“Mom! Can you help me with this?”
Pattu calls plaintively as she focuses head bent on a word grid. I turn the gas down on the vegetable I am sauteing and move behind her. Circling what she asked for, I lift my head and notice Ammu on the floor, her feet in the air playing with Laddu’s blocks. She is a picture of concentration as she stacks and orders them in a way that speaks to her. I stand mute, watching her squint, throw her head back and wiggle a block in place. I nudge Saathi and he joins me. We are distracted by a squeal of joy as Laddu rips apart the flyers that came in the mail. I sigh contentedly, give her a loud smacking kiss and head back to the kitchen.
It has been almost a month since school ended. I looked at camps half heartedly, mulled finding a nanny for a couple of days a week to give me respite, explored a membership at the YMCA and gave it all up in defense of doing nothing. For three glorious weeks, we wake up to the tune of our internal clocks, eat a hot breakfast, play on the swing set, come in sweaty and muddy and cool off under the whirring fan. Sometimes we take to the cool basement and play make-believe games till lunch. Rinse. Repeat.

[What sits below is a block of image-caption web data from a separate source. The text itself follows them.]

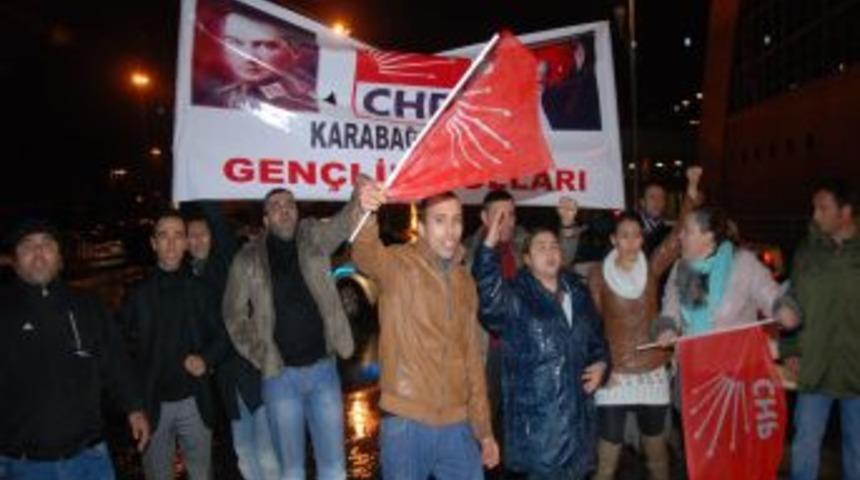 Kılı&ccedil;daroğlu İzmir'de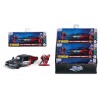 Marvel Thor 1970 Chevy Chevelle Ss in Scala 1:32 di Simba Jada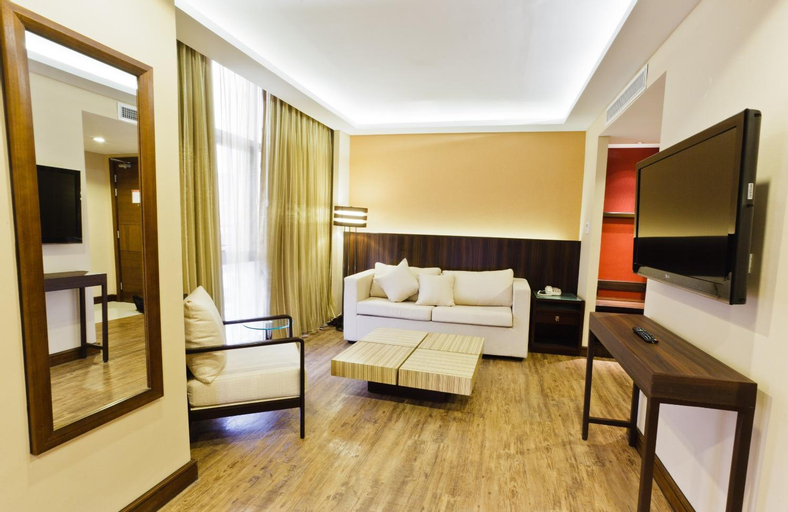 Bedroom 27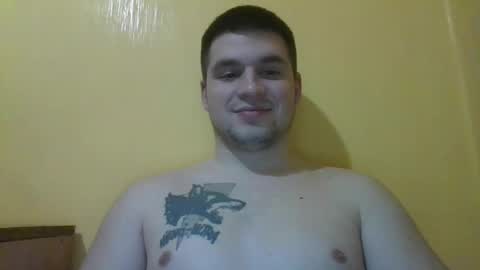 chiraq1945 online show from March 5, 9:50 pm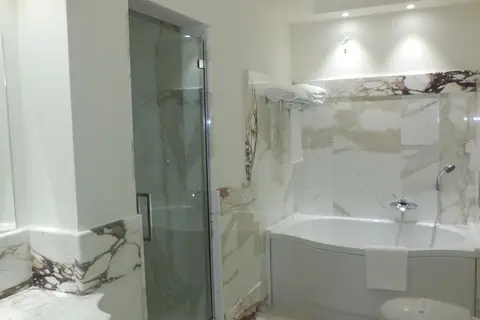 Hotel Marechiaro in Gizzeria, foto 16
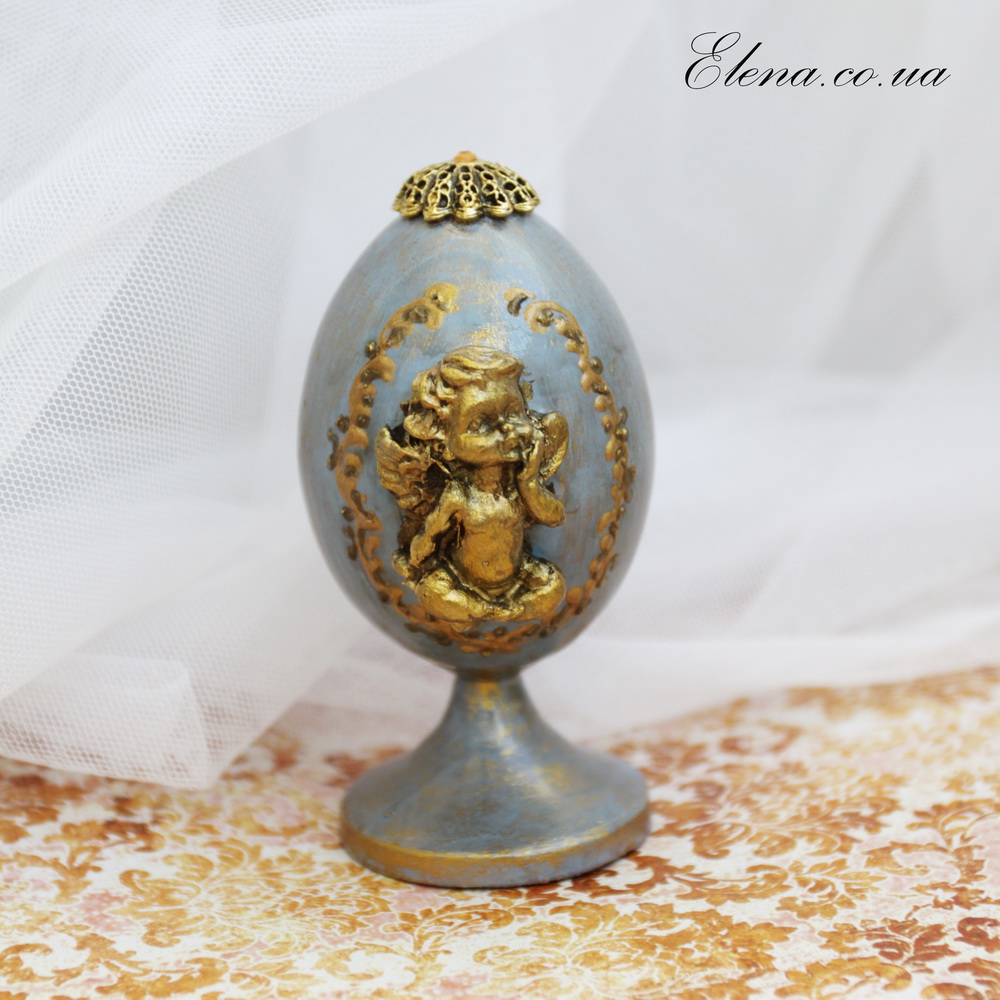 Пасхальный сувенир Ангел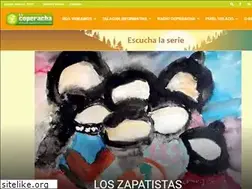 Sites similar to lacoperacha.org.mx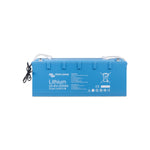 Victron Energy LifePO4 Battery 25.6V / 200Ah Smart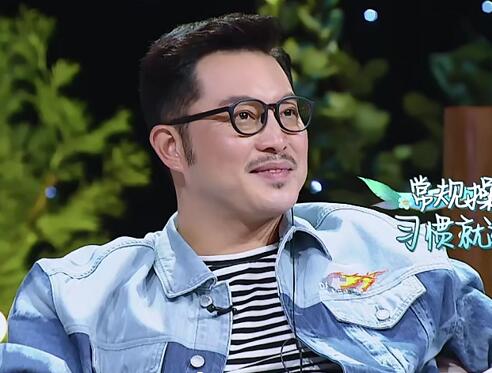 妻子的浪漫旅行4胡可自曝初恋像黎明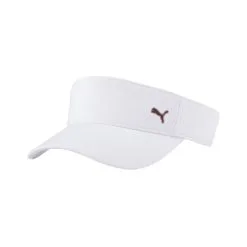 PUMA Golf Puma Womens Sport Visor -Brands Sales Store 20904.1674061185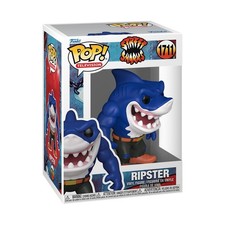 Funko Pop! Vinyl: Street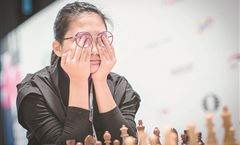 “Жуткие политические игры”: в чем истинная причина конфликта Бибисары Асаубаевой и Федерации шахмат Казахстана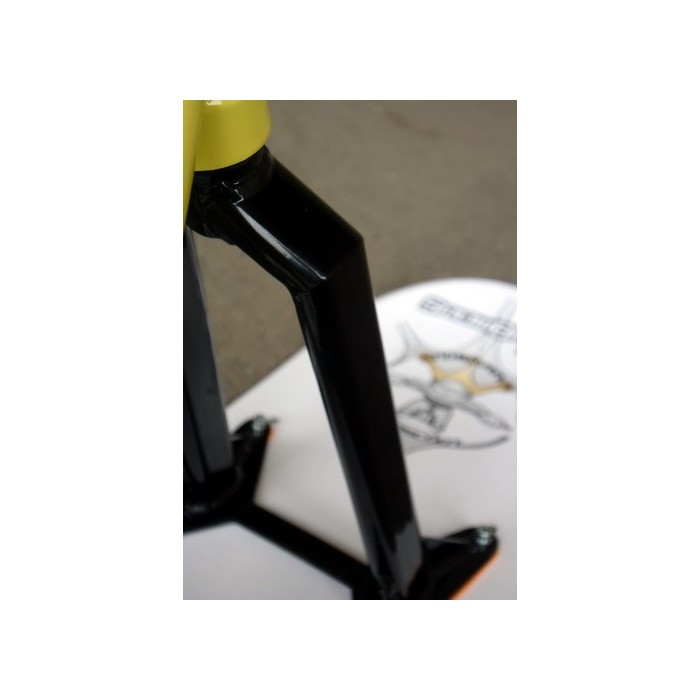 Snowbaar Beaster Classic Orange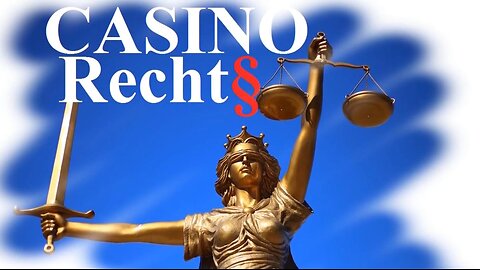 Casino Recht§ - BRD im außervertraglichem Schuldverhältnis der Obligation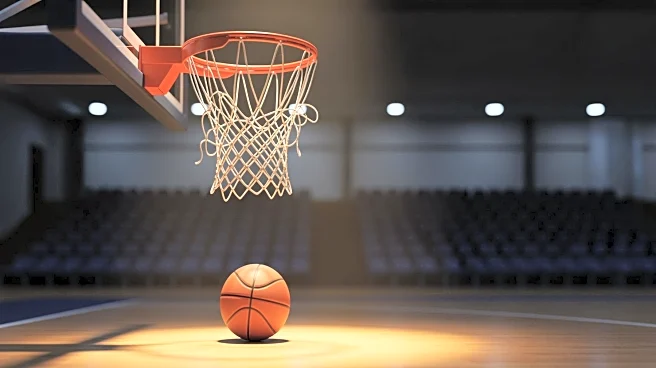 USC Men's Basketball Faces Setback with 71-70 Loss to Oregon, Impacting NCAA Tournament Prospects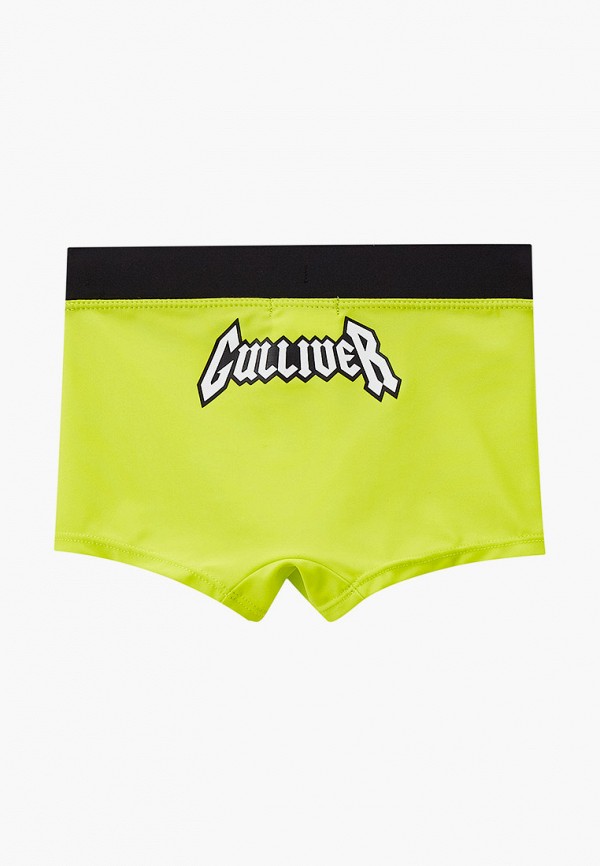 фото Плавки gulliver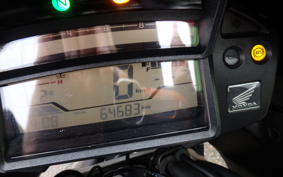 HONDA VFR1200X DCT MUGEN 2015 SC70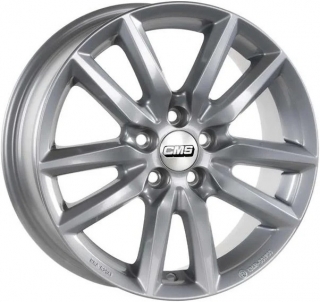 CMS 1275 6.5X16" 5X100 ET47 57.1 Jant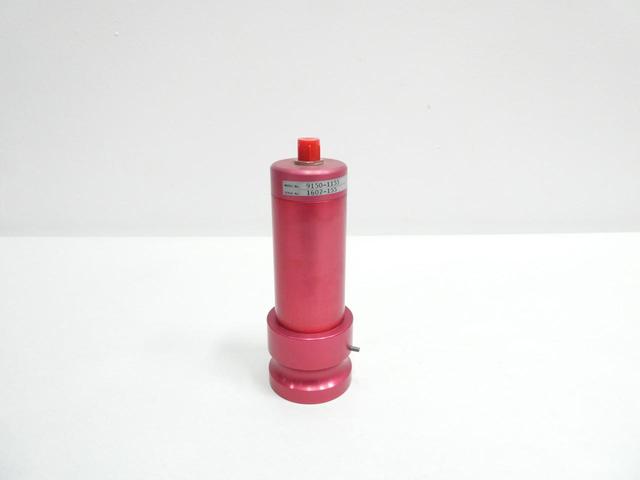 FPS FOSSIL POWER SYSTEMS 9150-1155 FO2 DUAL HEAD FLAME SENSOR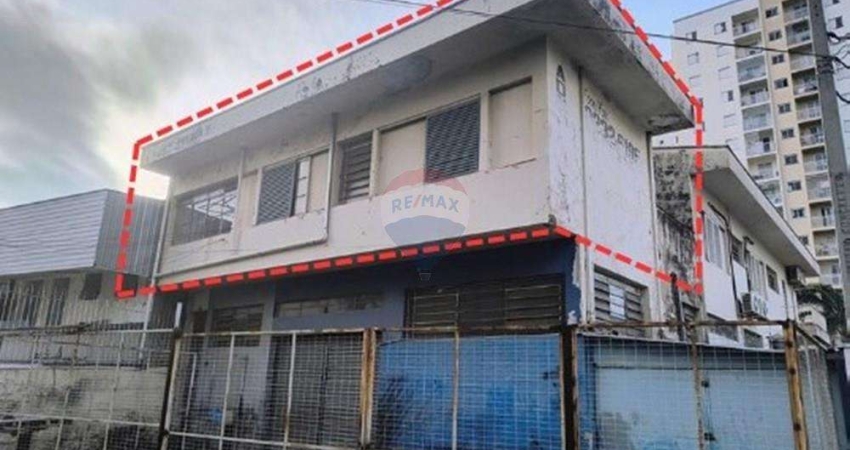 RE/MAX Aluga Casa Comercial Bonfim Campinas SP R$1.800,00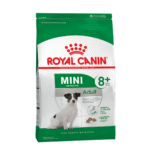 Alimento Para Perro Royal Canin Raza Mini Adult 8+ Años 3Kg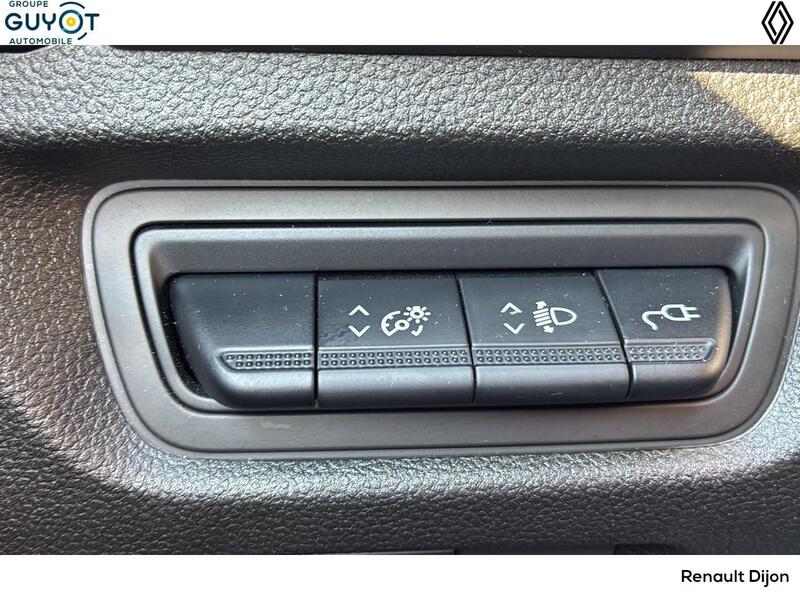 Renault ZOE E-Tech Electrique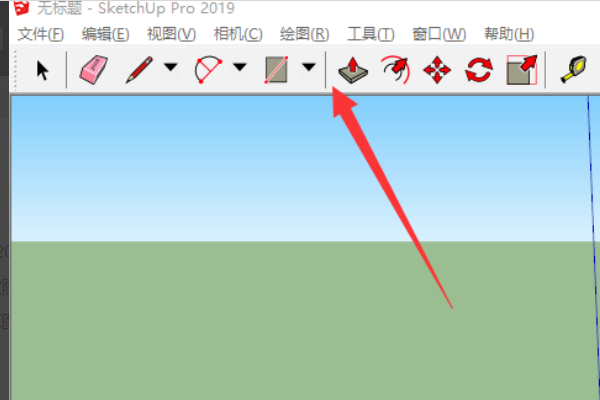 如何隱藏SketchUp右側工具欄 - BIM,Reivt中文網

As I navigate notepads, pens, dolls, cars, singing and beeping toys as I climb the stairs with Laddu, I feel annoyance reach a new high. Shoving them to the side, I walk upstairs to be stopped by giggles and raucous laughter from below. This wild abandon of childhood topples the annoyance and replaces it with an irrepressible grin. I smile as I walk down.
The landing now has a few more books, they are arranged in order down the front stairs. The twins are playing student-teacher. Echoes of a conversation from the morning ring in my ears. “Read to them” exhorts a friend. I survey the scene in front of me. I realize there is value to this nothingness.
I should probably print worksheets out, sit with them and prepare them for first grade. I should in hindsight be reading to them each day. I should have enrolled them in classes like I planned. Swim. Dance. Music. The regrets are fleeting and replaced by something tangible. I watch the girls learn to make the most of their time together. They invent games, come up with rules, take turns to lead and find innovative uses for almost everything in their field of vision. They also complain they are bored a million times. As I learn to ignore the grumbling, they become resourceful. They annoy their little sister a lot, but they also form a team, making faces and engaging with her as I juggle chores around the house.
When summer is over, they may not have acquired skills that a camp or a new class might have taught them but they will have become experts in making do with what they have. Perhaps, a few years from now, they will look back fondly on their first summer of indolence and sigh longingly.